Watchmakers like Waltham, Hamilton, Elgin, Hampden, Rockford and Illinois would show sample movements to dealers in a special “salesman’s case” (what wristwatch people call an “exhibition caseback”). Normally hidden behind a protective rear metal cover, the watch’s movement was revealed in all its glory; its elegantly decorated wheels and cogs working in perfect synchronized harmony.
Dealers would keep salesmen-cased pocket watches on hand to show customers exactly what they were buying. More than that, American watchmakers and dealers understood the hypnotic allure of a ticking movement. They used the salesman case to win business in a highly competitive market.
That said, all concerned understood that a pocket watch was a delicate device (hence pocket watch chains). The crystal could be scratched or broken. Dust could destroy a pocket watch’s accuracy and longevity. (America in the late 19th and early 20th century was an extremely dusty place.)
All of which meant that even open-faced pocket watches – a pocket watch with no front cover, as specified by railway standards – walked out a dealer’s door protected by a solid metal caseback. Sensibly enough, the market chose utility and status over naked beauty.
In World War I, American soldiers learned the practical advantages of wearing a wrist watch, previously considered a ladies’ fashion item. The pocket watch fell from favor. By the 1950’s, pocket watches were something Dad or grandpa wore before wrist watches were invented.
Enter pocket watch collectors.
Pursuing authenticity, the vast majority of pocket watch collectors buy pocket watches with solid casebacks. Very few collectors (including our publisher) prefer to wear or display their pocket watch in a vintage (top image) or modern “salesman case” (below). Right answer.
Imagine sitting around a campfire. You smell the smoke curling your nostrils. You feel the heat on your skin. You stare at the flickering flames. But you can’t see the embers’ enchanting glow.
The embers power the fire much like the movement powers the watch. Without seeing a pocket watch movement at work, it’s impossible to experience the full mystery, majesty and thrill of an American pocket watch.
Solid pocket watch casebacks can be beautiful beyond measure, but they discourage wrist watch collectors from expanding their collection to include relatively inexpensive, accurate and reliable American pocket watches.
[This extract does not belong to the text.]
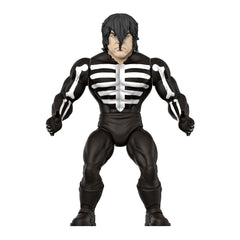 Misfits Vintage Danzig Skeleton Shirt Action Figure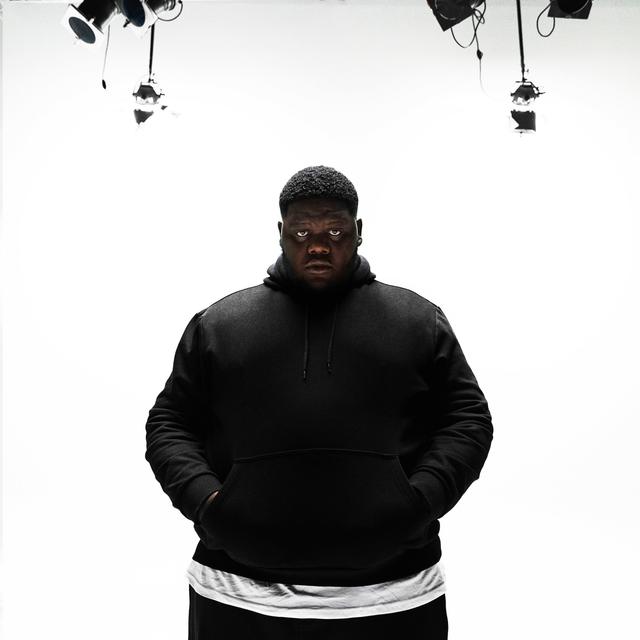 Album cover art for Horizon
Oblivious to the bits that move the hands, they easily dismiss pocket watches as quaint machines that tell time in an antiquated format.
To broaden the interest of watch enthusiasts, to preserve our uniquely American heritage, we need to go back for the future. To re-equip American pocket watches with vintage or modern salesman’s cases. To reveal the full and complete majesty of these engineering marvels.
American pocket watches were manufactured to strict standards to fit specific case sizes. Removing a solid back case and fitting it with a salesman’s case is a simple and inexpensive process. It allows collectors to sideline – but not abandon -the original solid cases, preserving both the watch and the case for generations to come.
So-called “seasoned collectors” are appalled by the idea. (Don’t get them started on bluing screws and other parts to make them pop.) They view themselves as preservationists. Guardians of historical authenticity.
Placing an American pocket watch into a salesman case isn’t defiling history, it’s making history more accessible. It stimulates aesthetic interest in America pocket watches – watches that will otherwise be, at best, shoved in a drawer and forgotten. At worst, allowed to disintegrate and disappear.
To preserve America’s unique horological history, American pocket watch movements should be put on full display. Doing so replaces the pragmatism associated with American pocket watches with awe and admiration. Salesman’s casebacks give these magnificent timepieces a new lease of life.